One of the sounds that I'd like to hear again is that little triple "dit" you would hear on a radio when a cell phone was nearby. I never knew exactly how it was made -- undoubtedly the network saying hello to the phone -- or what that sound was called.



That's the one, yes!


I am so happy to have someone else confirm this. For some reason people just didn't believe me that speakers fed back that way.

Other fun sounds are hearing your computer change the background hum/buzz of imperfectly grounded speakers. There was a very clear difference in the quality of the speaker's silence depending on if a GIF was animating, a web page loading, or some other computationally distinct event.



Thanks! So this is why it doesn't happen with smartphones.


It's partly because of that sound that musicians have to actually turn their phones off during recording. If you're too close to the board that clicking gets picked up.


Not just the board -- mic cables running under chairs pick it up too, as do the tie lines under the floor if they're not properly shielded, which they're usually not in older studios.

The great thing about mic cables picking it up is that it's usually easy to narrow down who the offender was. :-)


This made me think of Bernie Kraus's work: http://www.wildsanctuary.com

He goes to remote natural areas and records what they sound like. It's relaxing and can be fun atmospheric sound to listen to.


The tetris song has been permently engraved in my mind since childhood. The only one out of place is the Nokia phone sounds, we all know they will still exist long after humanity's demise.


Great idea! Bookmarked and eager to hear what new sounds are added in the future. I've got a similar idea for a 'video game systems and computers of yore sound museum' which so far includes several years worth of sound rips and snippets from the TI-99 4a, Atari 2600, Intellivision, Commodore 64 and many arcade games. Not too sure about the legality regarding copyright issues or fair use, though.


403 Forbidden.


Or a common HN DDoS, and a failed try to fix performance problems.

67 points on HN can kill a typical wordpress blog.


Me too. I wonder whether it got censored. Copywright stuff maybe?


This is great!

I'm making a list of things that I did in my childhood tha the future people (mostly my child at the moment) will think are odd or bizarre.

The best one so far is the lack of mobile phones for each person; we just had a landline per house. And even then that was a party line shared between different homes so you couldn't always make or recieve a call.

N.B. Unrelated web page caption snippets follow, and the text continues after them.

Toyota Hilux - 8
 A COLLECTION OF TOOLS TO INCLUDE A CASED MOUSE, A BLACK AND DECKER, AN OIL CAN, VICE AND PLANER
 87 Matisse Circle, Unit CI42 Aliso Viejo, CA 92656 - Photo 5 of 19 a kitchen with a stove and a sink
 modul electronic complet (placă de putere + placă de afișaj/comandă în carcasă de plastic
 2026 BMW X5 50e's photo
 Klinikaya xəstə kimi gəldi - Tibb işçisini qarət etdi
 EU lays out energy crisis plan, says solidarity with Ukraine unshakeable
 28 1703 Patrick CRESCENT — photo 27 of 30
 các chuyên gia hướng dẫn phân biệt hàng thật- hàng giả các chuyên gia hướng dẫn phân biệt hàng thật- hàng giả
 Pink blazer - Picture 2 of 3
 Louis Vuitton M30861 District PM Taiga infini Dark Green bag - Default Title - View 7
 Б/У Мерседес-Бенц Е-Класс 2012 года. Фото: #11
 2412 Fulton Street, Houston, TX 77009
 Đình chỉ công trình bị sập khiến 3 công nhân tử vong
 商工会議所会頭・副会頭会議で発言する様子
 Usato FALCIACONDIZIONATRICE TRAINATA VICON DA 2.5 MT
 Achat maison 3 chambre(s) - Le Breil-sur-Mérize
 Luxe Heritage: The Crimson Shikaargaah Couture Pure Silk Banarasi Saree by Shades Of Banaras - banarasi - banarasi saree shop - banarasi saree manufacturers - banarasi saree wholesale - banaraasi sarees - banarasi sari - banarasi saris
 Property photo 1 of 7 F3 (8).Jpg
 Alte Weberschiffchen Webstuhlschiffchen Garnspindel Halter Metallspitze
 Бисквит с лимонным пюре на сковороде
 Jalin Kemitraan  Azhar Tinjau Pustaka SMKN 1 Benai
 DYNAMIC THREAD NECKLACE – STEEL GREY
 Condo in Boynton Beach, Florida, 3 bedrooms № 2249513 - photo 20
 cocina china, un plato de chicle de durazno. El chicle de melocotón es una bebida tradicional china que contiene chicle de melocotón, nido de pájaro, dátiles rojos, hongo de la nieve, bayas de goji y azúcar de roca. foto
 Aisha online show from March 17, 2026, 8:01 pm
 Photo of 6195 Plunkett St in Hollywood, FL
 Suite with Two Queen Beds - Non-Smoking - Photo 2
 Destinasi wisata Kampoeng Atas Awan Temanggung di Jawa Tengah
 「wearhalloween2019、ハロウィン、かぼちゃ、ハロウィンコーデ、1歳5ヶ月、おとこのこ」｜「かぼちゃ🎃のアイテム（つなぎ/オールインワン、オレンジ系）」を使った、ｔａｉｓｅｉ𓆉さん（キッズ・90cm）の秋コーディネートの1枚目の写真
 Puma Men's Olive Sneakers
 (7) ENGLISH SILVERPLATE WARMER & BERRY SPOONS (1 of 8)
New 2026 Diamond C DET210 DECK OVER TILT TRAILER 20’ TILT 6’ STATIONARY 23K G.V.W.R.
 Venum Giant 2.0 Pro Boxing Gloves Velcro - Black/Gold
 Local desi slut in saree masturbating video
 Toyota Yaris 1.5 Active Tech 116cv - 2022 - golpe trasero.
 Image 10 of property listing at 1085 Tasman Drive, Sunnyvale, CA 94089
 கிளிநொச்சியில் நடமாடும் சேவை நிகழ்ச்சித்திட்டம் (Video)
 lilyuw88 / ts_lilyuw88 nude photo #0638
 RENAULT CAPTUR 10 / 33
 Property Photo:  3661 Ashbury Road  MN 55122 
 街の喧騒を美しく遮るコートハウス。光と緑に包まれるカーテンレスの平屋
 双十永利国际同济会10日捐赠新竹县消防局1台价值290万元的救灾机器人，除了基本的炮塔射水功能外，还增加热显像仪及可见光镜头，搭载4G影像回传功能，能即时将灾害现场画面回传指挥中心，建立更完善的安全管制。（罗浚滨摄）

Turning the TV channel controller knob to channel 3 during commercial breaks in order to get a few seconds of programming time, since the rest of the family is watching a show.


Nice. Some of the sounds didn't seem to work (like the typewriter).

I have a similar idea jotted down on my things-to-make list :) My idea is to create a library of sounds that are part of our daily life today, not necessarily things that have disappeared or are rapidly disappearing. Like a shutterstock of sounds :)



This is really cool.

My one gripe is that it uses the crummy Atari 2600 version of the Space Invaders sound effects, when the analog-synthesized arcade soundtrack is the one that everyone remembers.

https://www.youtube.com/watch?v=5KKr9pz9j2g


ever notice how so many movies and tv shows all defaulted to the atari vcs pacman sounds whenever any game or 'computer' scene was involved? i wonder if there was some copyright issue that allowed everyone to use that bunch, regardless of the scene.


Try simultaneously playing "Typewriter", "Vinyl Turntable", "VCR Rewinding", "Windows95 Startup", "Pac-Man", and "Dot Matrix Printer".

It's beautiful. Reminds me of some of my favorite futurebeat music.


Nice. Hearing the dialup sound got me nostalgic and I found this site, which was intensely satisfying:

http://goughlui.com/legacy/soundofmodems/index.htm


Oh man, thanks for that. The v.22bis (2400bps) one made me flashback hard.


I recognise most of those, but what the heck is a Eurosignal?



403 Forbidden! Uh oh.

On another note though, I was thinking that this could easily translate (no pun intended) to endangered languages


403 Forbidden from Spain?


403 Forbidden from the US at present as well...


Nice. Good presentation.


loved the dial up modem one. what a throwback.